A monsoon is a major wind system, often accompanied by excessive precipitation, that reverses its direction approximately every six months. “That’s why we need to get down to seasonal resolution, rather than the long-term averages that most paleoclimatologists deal with,” she adds.

The Late Eocene was a unique chapter in the planet’s history. Following a period of extreme warmth, due to high levels of carbon dioxide in the atmosphere, the Late Eocene witnessed gradually cooler, dryer conditions. A shallow circumpolar current, brought on by the northward movement of South America, likely led to Antarctica’s isolation.

The situation was exacerbated by diminishing levels of carbon dioxide, resulting in cooler temperatures and the eventual formation of the South Polar Ice Cap.

Christopher Junium

Christopher Junium

“The climate transition from the warm, equable world of the Early Eocene to one in which continent-scale ice sheets blanketed the poles is reasonably well-known, based on sediments from the low and mid-latitudes,” says Junium, a sedimentary and organic geochemist. “Less is known, however, about the timing and magnitude of cooling on Antarctica, mostly because potential sedimentary archives are inaccessible or are covered by ice.”

He and Ivany believe that Antarctica may help them understand how the Earth’s climate system responds to increased carbon dioxide. Hence, their team is studying the effects of seasonal precipitation and runoff, as well as temperature on fossil shells found on Seymour Island’s La Meseta Formation, off the coast of the Antarctic Peninsula.

Unique to their work is an attempt to resolve differences in temperature and rainfall, as preserved in 40-million-year-old fossils. By studying annual growth rings in the shells of bivalve mollusks, Syracuse researchers hope to estimate changes in temperature and salinity that occurred seasonally during their lifetimes. One of Ivany’s Ph.D. students, Emily Judd, will examine the chemistry of shells formed during the winters and summers, with an eye toward assessing conditions during ancient warm-climate summers.
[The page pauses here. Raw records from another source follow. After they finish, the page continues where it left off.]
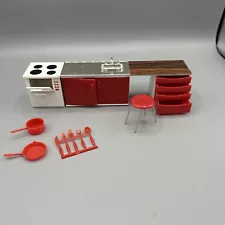 Brio Red Kitchen For Dollhouse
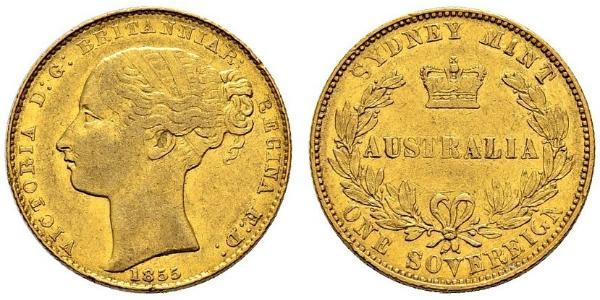 1 Sovereign Australia (1788 - 1939) Gold Victoria (1819 - 1901)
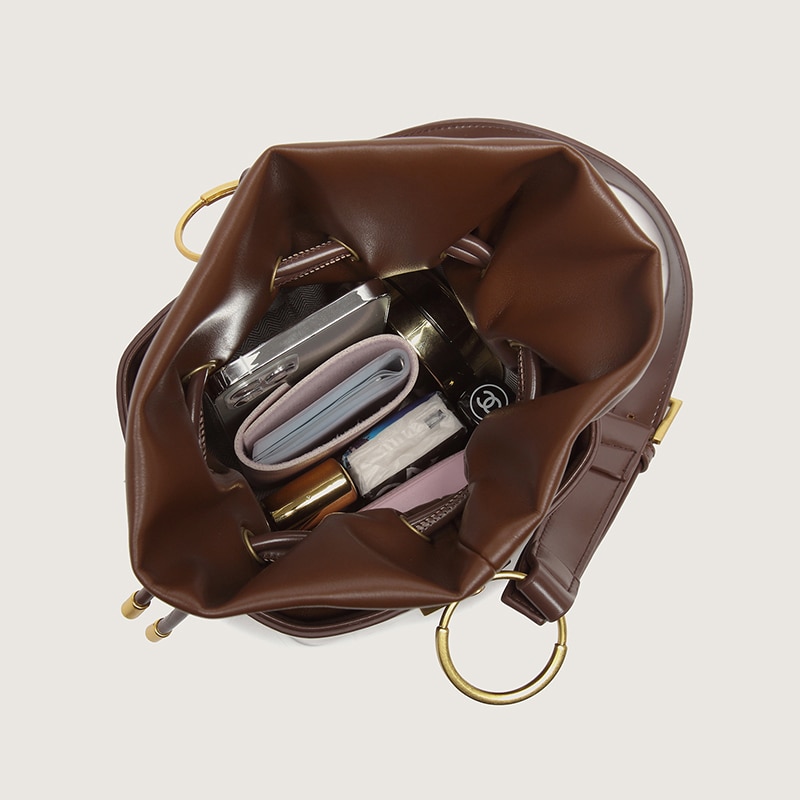 Classic Shoulder Bucket Handbag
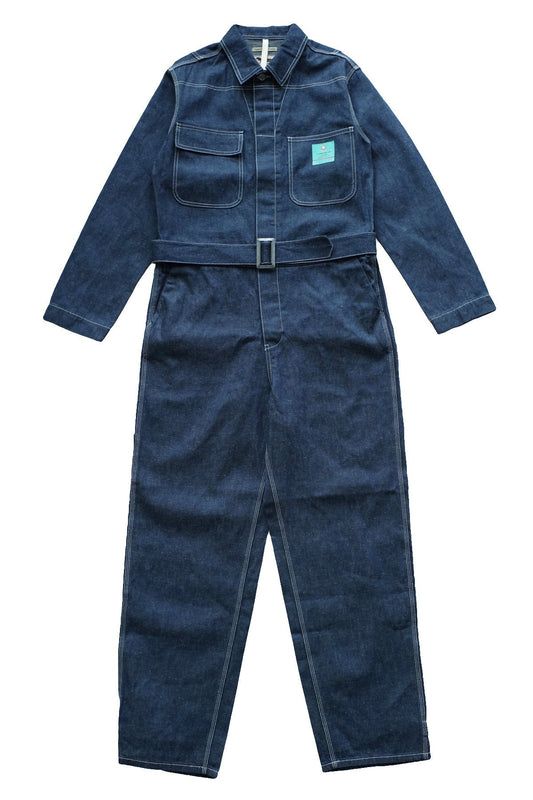 NIGEL CABOURN - LYBRO DENIM COVERALL - INDIGO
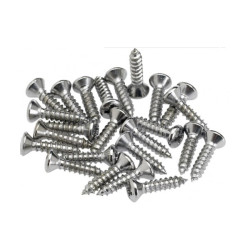 FENDER Pickguard / Control Plate Mounting Screws (24) chrome 0994923000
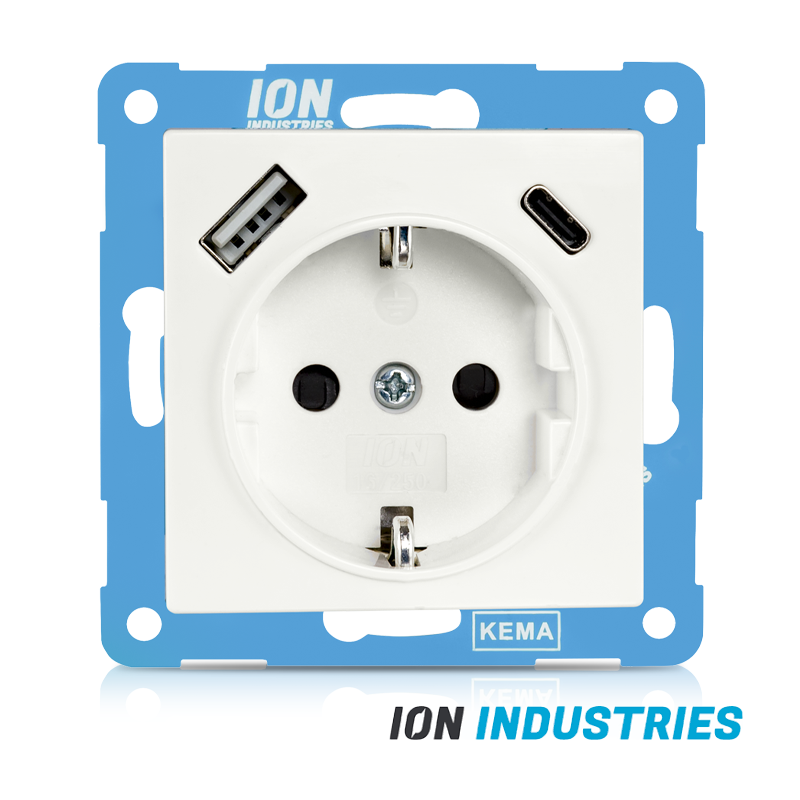 usb-stopcontact-wit-wandcontactdoos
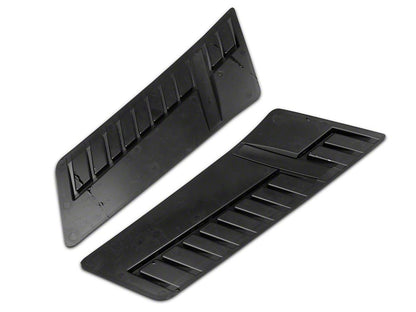 MP Concepts Corvette Style Front Fender Vent; Gloss Black (16-24 Camaro)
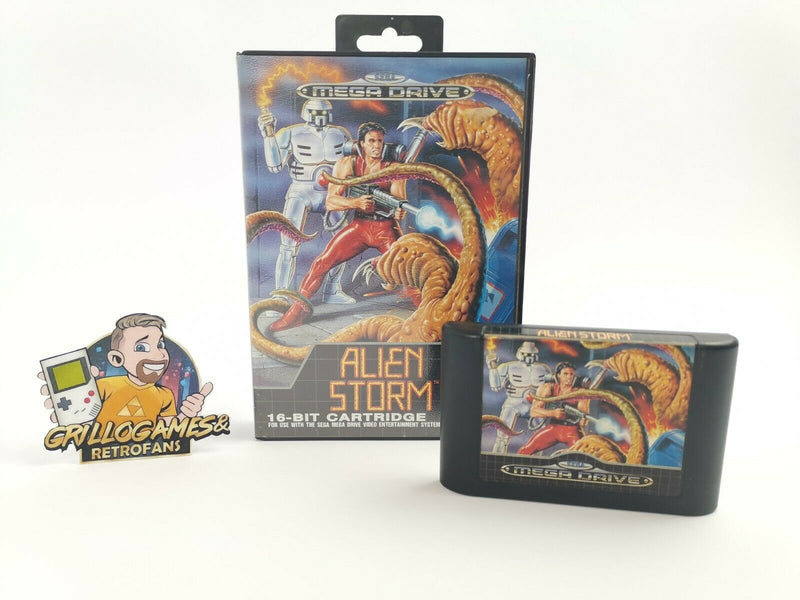 Sega Mega Drive Spiel " Alien Storm " | Pal | Ovp | MD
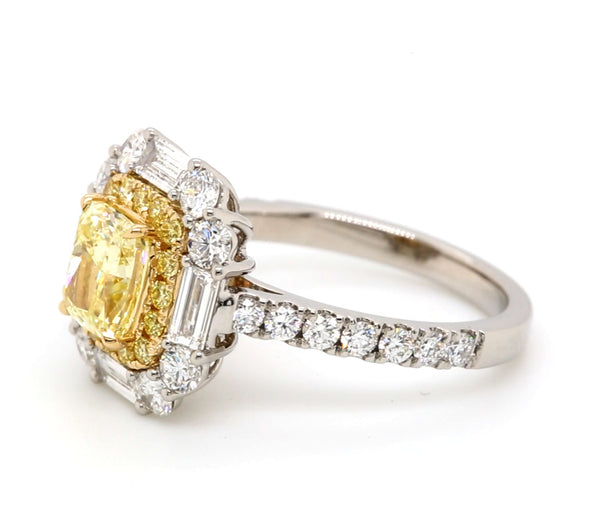 1.20ct GIA Fancy Yellow Diamond Ring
In addition to reconstructing ancient climate, Syracuse researchers hope to use the chemical composition of fossils to clarify the timing of climate change. Samson, a geochemist who is also the department’s associate chair, says that studying Antarctica’s cooling and drying patterns may shed light on those in other parts of the world.

Scott Samson

Scott Samson uses a mass spectrometer to determine the age of fossil shells.
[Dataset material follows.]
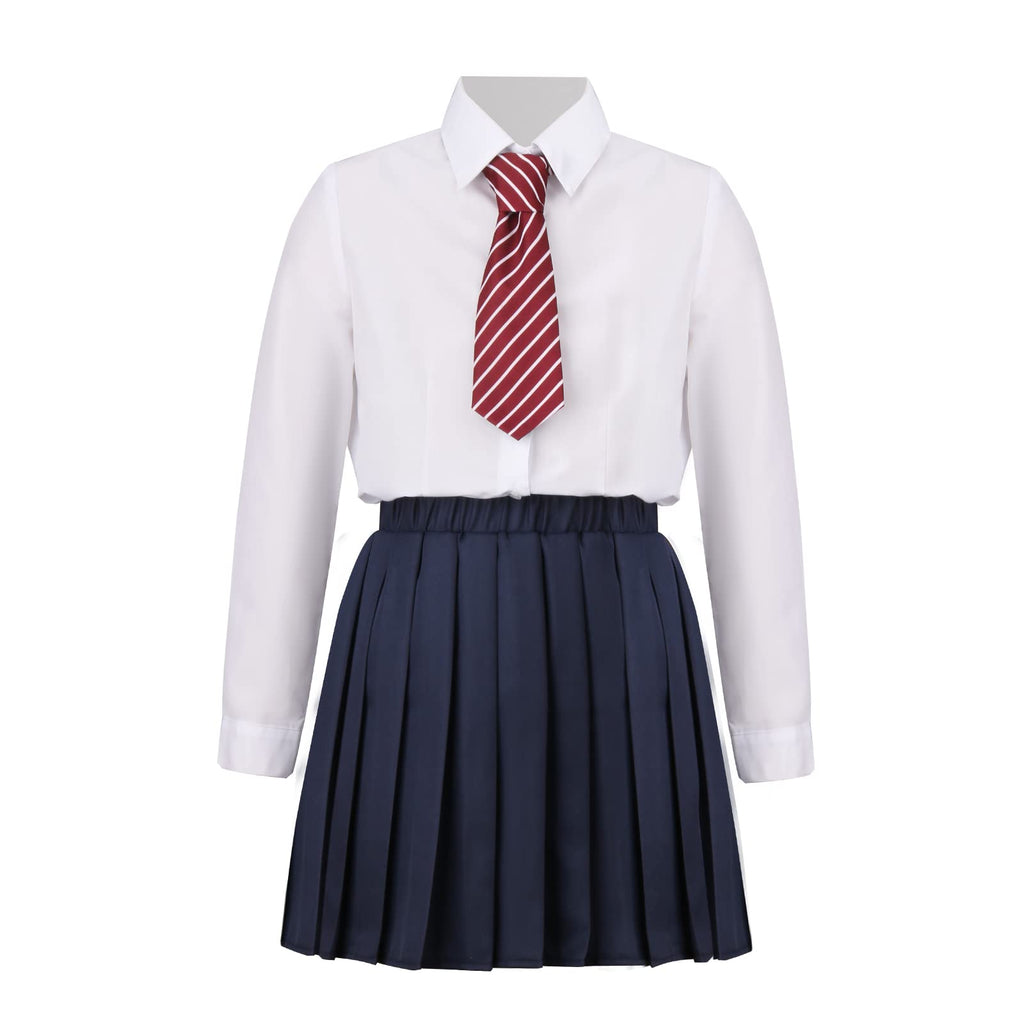 Matilda Wormwood Costume Gray School Uniform Girls Adults Halloween Cosplay Outfit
“Age uncertainty is one of the biggest problems with Seymour Island’s climate record,” he says. “We hope to rectify this with our new mass spectrometer, which will measure strontium isotopic ratios in samples that we collected a few years ago.”

Strontium is an element similar to calcium, found in seawater and shells. Scientists have determined that, over the past 40 million years, the ocean has contained a unique ratio of two strontium isotopes. (Isotopes are atoms of elements with varying numbers of neutrons.) Because neither isotope decays radioactively, the ratio remains unaltered in marine fossils.

“We can determine the age of shell fossils by extracting the strontium and comparing the ratio of the two isotopes with ratios known to have occurred [in the ocean] in the past,” Samson adds. “We do this in a ‘clean room’ on campus, whose air is a thousand times purer than that outside, and involves a state-of-the-art mass spectrometer, which enables us to weigh atoms.”

Lu is a geochemist also interested in Antarctic sediments. He says that, throughout history, the Earth has fluctuated between two climate states: Greenhouse and Icehouse. Each state lasts for millions of years, but should not be confused with glacial and interglacial periods, which are shorter and exclusive to the Icehouse state.

Zunli Lu

Zunli Lu

“The shift from the early ‘Greenhouse’ climate to the present-day ‘Icehouse’ one is marked by glaciation in the polar regions,” he says. “All of this is reflected in the chemistry of fossil skeletons and minerals—isotopes of oxygen and carbon, as well as ratios of magnesium and calcium—found in ocean sediments in Antarctica. This climate transition is the most important one since the extinction of the dinosaurs, and, tens of millions years later, we’re still feeling its effects.”

The NSF grant award supports an international team of scholars; the training of multiple graduate students; and a public museum exhibit, designed to educate children about the Earth’s climate.